Last modified: June 12, 2018

(1) This Data Processing Agreement (this “Agreement”) is made upon acceptance of the terms of the Nuance Experience Studio Service (“NES”) Agreement (“NES Agreement”) between the Customer and Nuance as identified in the Agreement. The entity accepting the terms of the NES Service Agreement ] ( “Customer”);

(2) Nuance Communications, Inc. a Delaware corporation whose principal place of business is at 1 Wayside road, Burlington, MA, USA (“Processor”).
each a “party” and together the “parties”.



RECITALS

(A) Processor and Customer have established a commercial relationship for the provision of certain [NES services ( “Services”) to Customer from time to time as detailed in the NES Agreement.(“Main Agreement”).

(B) The parties have agreed that in order for Processor to perform its obligations pursuant to such Main Agreement, it will be necessary for Processor to Process certain personal data in respect of which Customer will be a data controller, or acting on behalf of the data controller, for the purposes of this agreement under and subject to the EU Data Protection Laws (as defined below).

(C) The parties have agreed to enter into this overarching Agreement in order to address the compliance obligations imposed upon Customer pursuant to EU Data Protection Laws, and to ensure that adequate safeguards are put in place with respect to the protection of such personal data.



1. DEFINITIONS The following expressions are used in this Agreement:

(a) “Service” refers to the application, product or services and other activities to be supplied or carried out by or on behalf of Company/Company Affiliate pursuant to the Main Agreement;

(b) “Data Subject Request” means a request from or on behalf of a data subject relating to access of, or the rectification of, erasure of or data portability of that person’s Personal Data or an objection from or on behalf of a data subject to the processing of his or her Personal Data;

(c) “EU Data Protection Laws” means all laws and regulations, including laws and regulations of the European Union, the European Economic Area, their member states, the United Kingdom and Switzerland, applicable to the processing of Personal Data under the Main Agreement, including the GDPR;

(d) “GDPR” means Regulation (EU) 2016/79 of the European Parliament and of the Council of 27 April 2016 on the protection of natural persons with regard to the processing of personal data and on the free movement of such data (known as the General Data Protection Regulation);

(e) “Standard Contractual Clauses” means the agreement executed by and between Company and Nuance. Attached hereto as Annex 4, pursuant to the European Commission’s decision (C(2010)593) of 5 February 2010, is Standard Contractual Clauses for the transfer of personal data to processors established in countries which do not ensure an adequate level of data protection by Commission standards;

(f) “Personal Data” means all data defined as personal data under EU Data Protection Laws that is provided by Company to Nuance and sub-processors, or is accessed, stored or otherwise processed by Nuance and sub-processors in connection with the Services;

(g) “Adequate Country” means a country, territory, or specified sectors within a country and international organization published by European Commission in the Official Journal of the European Union for which it has decided that an adequate level of protection is ensured;

(h) “Processing”, “Controller”, “Data Controller”, “Processor”, “Data Processor”, “Data Subject”, “Personal Data Breach” and “Supervisory Authority” shall have the meanings given to them by EU Data Protection Laws.




2. STATUS OF THE PARTIES

2.1 Company is the data controller and Nuance is the data processor. Accordingly, Company grants Nuance the right to process the Personal Data for the purposes of providing the Services to Company. Nuance agrees that it shall process all Personal Data in accordance with its obligations in performing the Services pursuant to this Agreement and the Main Agreement.
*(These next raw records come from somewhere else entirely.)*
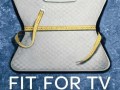 Foto de Fit for TV: The Reality of the Biggest Loser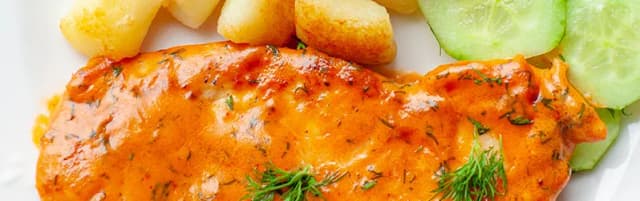 Co na obiad? 10 prostych przepisów, które zaoszczędzą Twój czas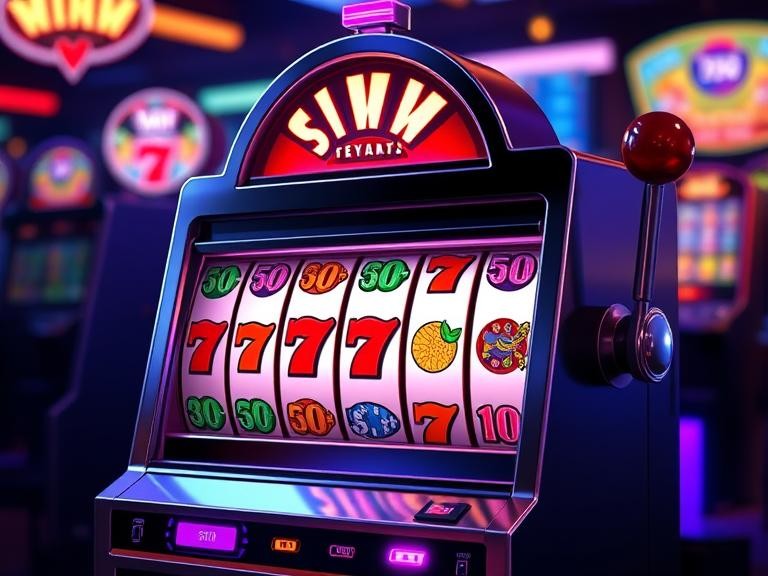 76bet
2.2 Company acknowledges that delivery of the Services requires Nuance to operate, maintain, tune, enhance, improve and provide technical support services for the speech recognition, natural language understanding, and other Nuance software and technologies that are embodied in the Services delivered to Company and that such processing constitutes a legitimate interest as defined under EU Data Protection Laws

2.3 Each party warrants to the other that it will comply with all EU Data Protection Laws applicable to its performance under the Agreement. As between the parties, Company is solely responsible for the accuracy, and quality of Personal Data and legality and the means by which Company acquired Personal Data. If required, Company is solely responsible for obtaining all necessary consents required under EU Data Protection Laws to allow Nuance to lawfully complete the Services.
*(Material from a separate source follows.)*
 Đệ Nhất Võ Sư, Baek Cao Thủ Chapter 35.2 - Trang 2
3. PROCESSING REQUIREMENTS

3.1 Data Processing Details. Company, as data controller, will determine the scope, purposes, and manner by which the Personal Data may be accessed or processed by Nuance, including the transfer by Nuance of Company Personal Data to any country or territory, as reasonably necessary for the provision of the Services and consistent with the Main Agreement. The type of Personal Data processed pursuant to this Agreement as well as the subject matter, nature and purpose of the processing, the Data Subjects involved, and the location(s) and duration of the processing (details required by GDPR Article 28(3)) are as described in Annex 1.

3.2 Processing under Control of Controller. Company’s individual instructions on processing of Personal Data shall be as detailed in the Main Agreement and this Agreement. Nuance shall only process the Personal Data to provide the Services and shall act only in accordance with Company’s documented instructions to the extent appropriate for the provision of the Services, and except as required to comply with a legal obligation to which Nuance is subject. Personal Data processing instructions can be modified, amended or replaced through an amendment to this Agreement through the established changed process. Instructions not foreseen in or covered by the Main Agreement or this Agreement shall be treated as requests for amendments to this Agreement. If applicable law requires Nuance to process Personal Data other than that pursuant to Company’s instruction, Nuance will notify Company as reasonably practicable, unless prohibited from doing so by applicable law. Nuance shall, as soon as reasonably practicable upon becoming aware, inform Company if, in Nuance’s opinion, any instructions provided by Company will lead to infringement of EU Data Protection Laws.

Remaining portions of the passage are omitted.